Diğer yandan Batı, Erdoğan'a eskisi gibi bakmıyor.

Bir anlamda "son kullanım tarihinin" dolmak üzere olduğu şimdi daha yüksek sesle dile getiriliyor. 

Artık ne Washington'da Obama var ne Berlin'de Merkel.

Bir yıl sonra ABD'de seçim yapılacak.

Trump'ın nefesini ensesinde hisseden Biden, Yahudi lobisinin gözünün içine bakarken, Hamas'a destek açıklamaları yapan Erdoğan'ı Washington'a davet etmesi söz konusu olabilir mi?

Ters köşe yapacağına inananlar, Washington'a davet edilirse İsrail'e karşı tutumunu değiştirir görüşünü dile getirseler de Erdoğan'ın bu stratejisinin artık sonuç vermeyeceğini anlamak gerekiyor.

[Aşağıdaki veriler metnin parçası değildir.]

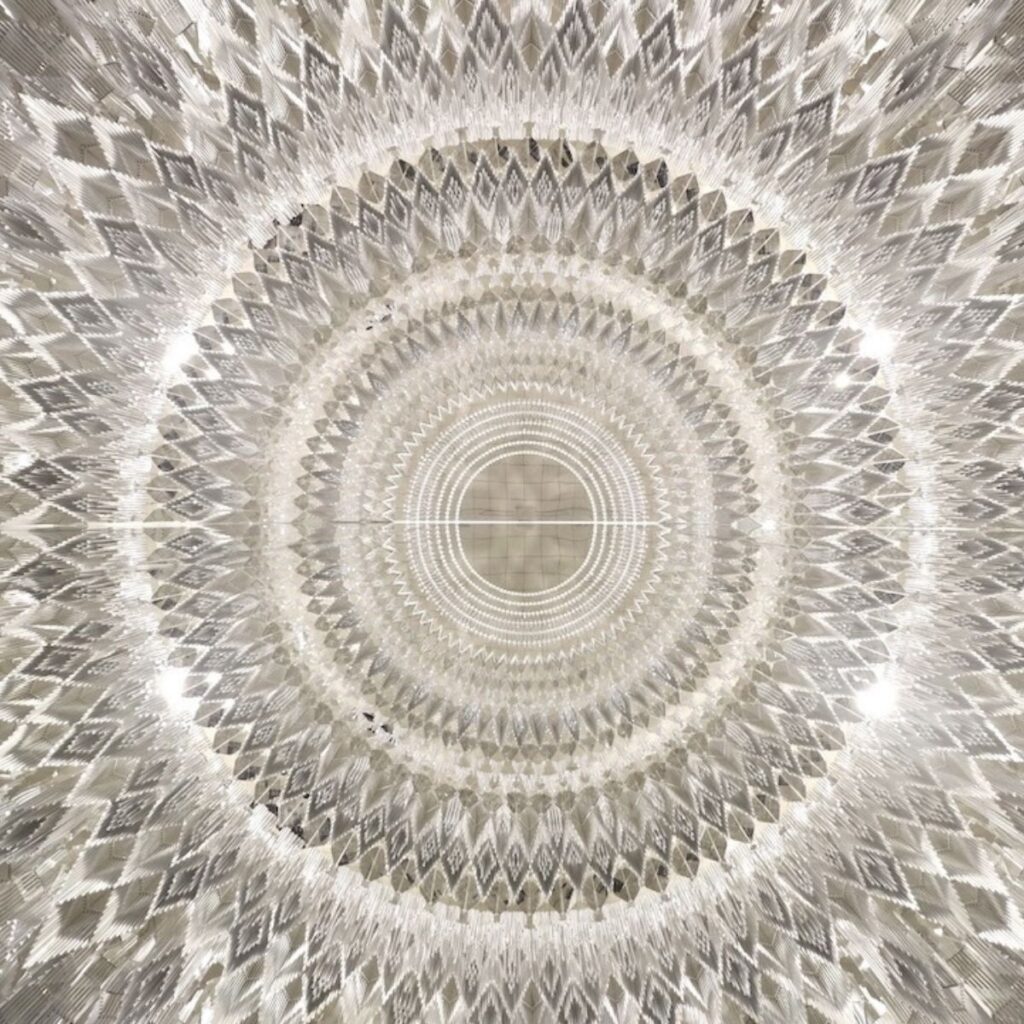 Looking up at a circular, geometric ceiling design with intricate diamond patterns radiating outward, creating a symmetrical, kaleidoscopic effect in shades of white and silver.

Bu dönemde Putin'e yaslanmak ise pek akılcı değil.

Sığınmacılar üzerinden başta Almanya olmak üzere Avrupa ülkelerine yapılan şantaj, bir yere kadar!

Ak sakallı tarih baba, Batılı ülkelerin, kendi çıkarlarına uyduğu sürece işbirliği yaptığı sonra gözünün yaşına bakmadan tarihin tozlu sayfalarına gömdüğü liderlerin listesini tutuyor .

Üstelik bu liste oldukça kabarık!

Ne yazık ki Erdoğan, Gazze krizinin stratejik anlamda çok önemli sonuçları olacak çok derin bir bölgesel kriz olduğunun, İsrail'in Hamas'la girdiği bu savaşın yeni bir küresel sistemin başlangıç noktasını oluşturduğunun farkında değil. 

Diplomasi okur yazarlığı, dış politikadan iç politikaya malzeme sağlamaktan öte gitmiyor.

Bütün meselesi, yerel seçimlerde İstanbul'u kazanıp buradan gelecek büyük rantla bu hastalıklı sistemin devamını sağlamak.

Ancak bu kez evdeki hesabı çarşıya biraz zor uyacak gibi görünüyor, diyerek yazımıza noktayı koyalım.